When I segued from cubicle dronedom to
freelancing full-time, my work habits changed drastically. When working from home, I was trapped at my
desk only as long as it took to get the work done. I didn’t have to sit there until 5:00pm if I
finished. I could do a million
other projects, whether chores or hobbies.
I could reach a certain point in an assignment, go out for a run, and
come back to it, refreshed and ready to tackle the next stage. If I wanted to shop when the supermarket was
less crowded or hit the gym when it was least busy, I could go in the middle of
a weekday & work in the evenings or weekends. The key difference was that I was no longer merely
putting in time: I was rewarded for productivity, not being in a certain place for X
number of hours each week. I was
compensated based on the quality and quantity of my work, not whether I was 15 minutes late or took an extra vacation day. The biggest incentive to get work done was that
I was free when it was finished and not a moment sooner or later.
So, you can imagine my reaction to the
recent corporate trend to bring telecommuters back to the office. Obviously, I think it is a huge mistake. You want people to be productive, you don’t
put them in a cubicle, you let them work sitting next to a swimming pool. You can bet they will get that assignment
finished so their butt can be in that pool as soon as humanly possible. Put that same person in a cubicle and tell
them they cannot leave until 5:30pm, and I will show you a person reading
Amazon reviews and web comics all day long.

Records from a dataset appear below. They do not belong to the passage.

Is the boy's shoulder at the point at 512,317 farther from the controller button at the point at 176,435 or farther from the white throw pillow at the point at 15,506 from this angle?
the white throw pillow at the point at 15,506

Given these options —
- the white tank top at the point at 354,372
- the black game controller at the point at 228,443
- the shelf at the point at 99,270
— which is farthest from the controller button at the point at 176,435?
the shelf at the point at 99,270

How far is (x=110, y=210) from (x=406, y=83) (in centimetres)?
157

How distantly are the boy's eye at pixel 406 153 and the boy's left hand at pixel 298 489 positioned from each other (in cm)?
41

I’ve noticed that I barely have time to skim the headlines of the papers
since I began telecommuting. I really
have to think an article is worth my treasured time to read the whole
thing. When I worked in an office, I
read the paper cover-to-cover every day. Remember when games like Tetris came with a panic button that switched the screen to a spreadsheet if someone walked by? And when corporations started blocking websites to prevent their employees from checking their personal email and doing online shopping on "company time"? You won't find a virtual worker slacking off because they are paid for results, not time.

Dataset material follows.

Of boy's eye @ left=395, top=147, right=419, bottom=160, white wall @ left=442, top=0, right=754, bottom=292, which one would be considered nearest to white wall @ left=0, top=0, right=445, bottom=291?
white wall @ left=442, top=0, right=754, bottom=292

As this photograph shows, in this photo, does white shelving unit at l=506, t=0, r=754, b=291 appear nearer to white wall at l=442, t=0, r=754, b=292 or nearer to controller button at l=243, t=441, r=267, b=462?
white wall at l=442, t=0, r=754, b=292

To be fair, one of the reasons put forth
for ending telecommuting is that face-to-face contact is useful for
brainstorming and innovation. I will grant you that the
idea-generation and problem-solving stages of a project can benefit from group
brainstorming sessions. But that is what
meetings are for, whether in person, or over Skype. I have no objection to the theory that
innovation needs collaboration but that necessity does not translate into a
blanket ban on telecommuting. Making people come into the office, in person or virtually, for facetime is reasonable. But the
high-handed command at Yahoo! to come back into the office full-time or
quit was extreme, and will end up being counterproductive. There is also a certain irony to a technology
company banning working over the Internet.
It also does not help their image that the CEO is filthy rich. A lower-paid employee could never afford the
childcare arrangements she has made that enable her to put in long hours at the
office despite being a new mother. At
best, she suffers from a lack of empathy.

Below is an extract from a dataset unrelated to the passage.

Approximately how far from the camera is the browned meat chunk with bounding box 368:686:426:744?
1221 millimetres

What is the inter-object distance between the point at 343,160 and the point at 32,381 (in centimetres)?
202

I expect she has no clue how the little people beneath her live, and
cares less.
Telecommuting is cheaper for employers, and
it is a necessity in a society that does not provide paid parental leave. It has become increasingly viable due to new
technology, and it will continue to become practical in more industries. It will never be an option in hands-on
service industries (imagine a virtual firefighter or hair dresser) but the
people who enter those professions know what they are getting into. Trying to roll back time and turn people back
into clock-watching cubicle zombies will lower productivity, not raise it. I can vouch for that.